EXERCISE REQUIREMENTS: Only certain lines below are wanted: those starting at the line containing "Courbe de la force du vent pour Groebming" and ending at the line containing "Filme pro Jahr", both included, each retyped exactly.

EXERCISE INPUTS:
....

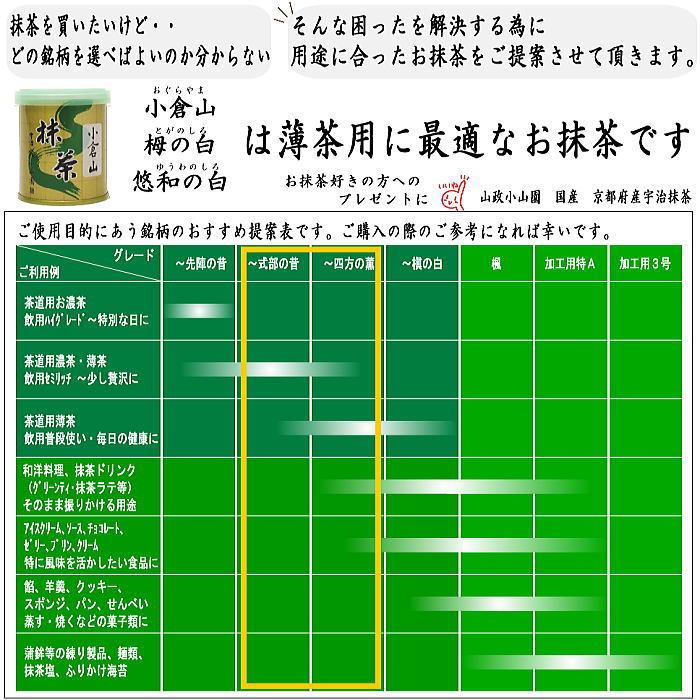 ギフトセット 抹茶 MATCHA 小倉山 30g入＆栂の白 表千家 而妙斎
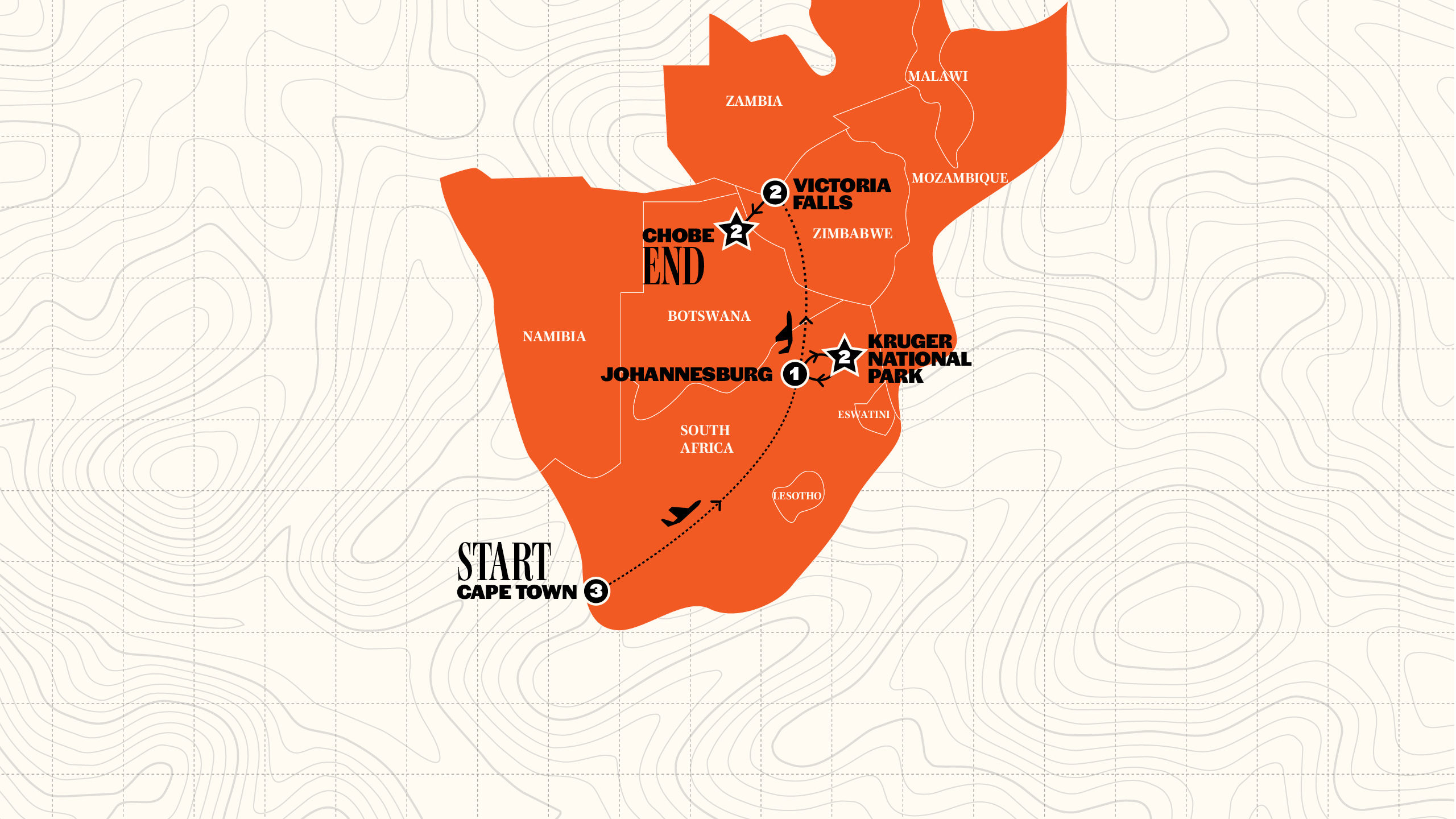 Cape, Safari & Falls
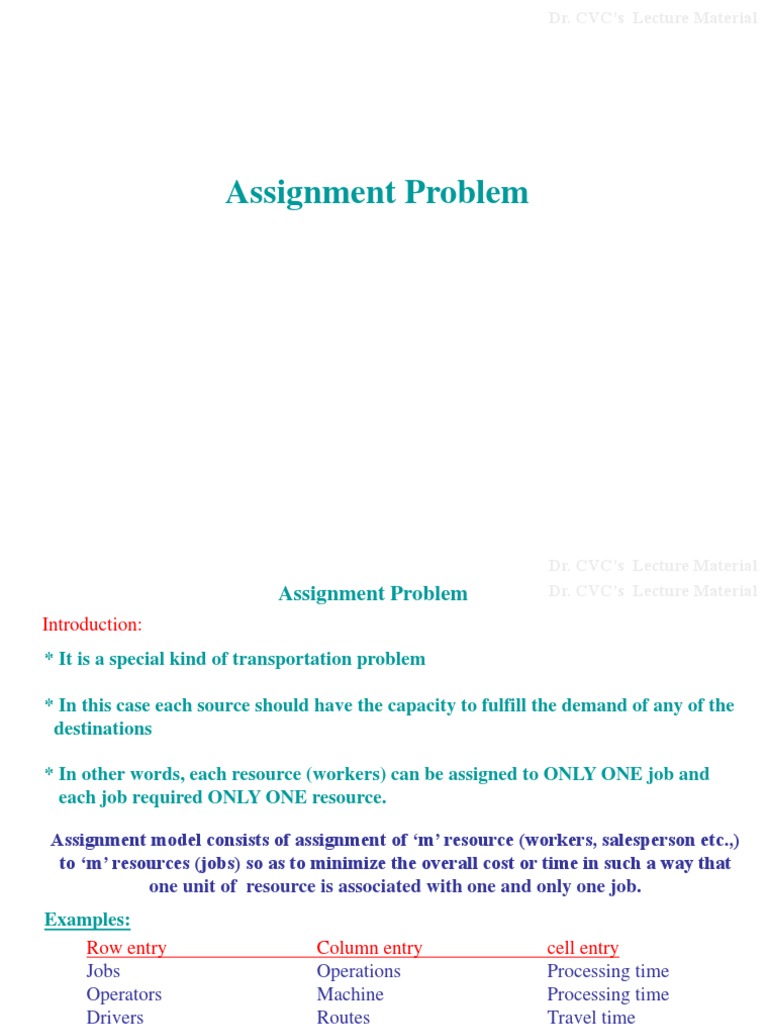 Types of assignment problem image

....

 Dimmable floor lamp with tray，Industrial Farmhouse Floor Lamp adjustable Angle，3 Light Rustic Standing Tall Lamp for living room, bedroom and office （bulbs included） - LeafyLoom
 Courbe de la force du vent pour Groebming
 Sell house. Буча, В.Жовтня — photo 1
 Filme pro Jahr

....

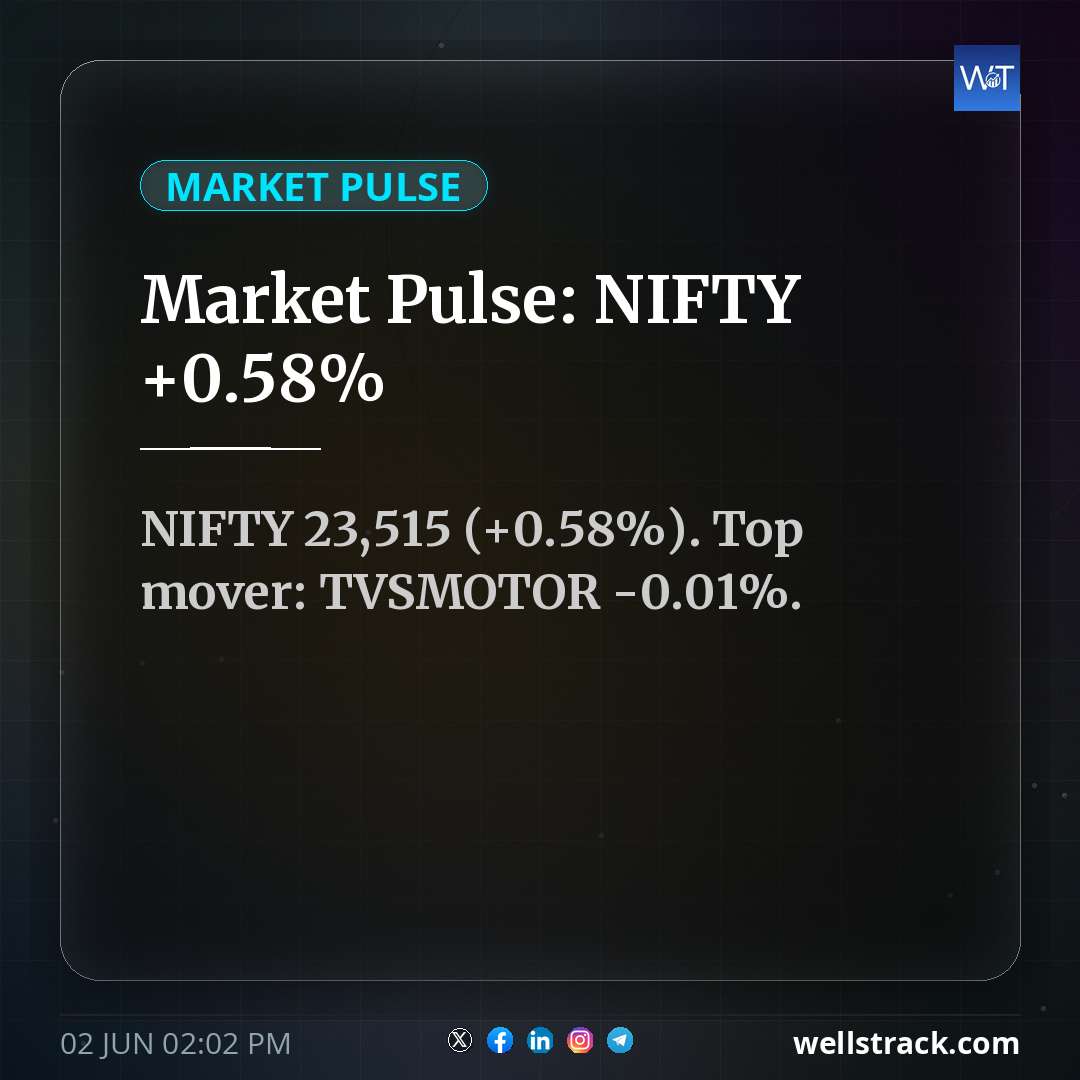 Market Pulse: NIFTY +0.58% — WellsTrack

....

EXERCISE SOLUTION:
 Courbe de la force du vent pour Groebming
 Sell house. Буча, В.Жовтня — photo 1
 Filme pro Jahr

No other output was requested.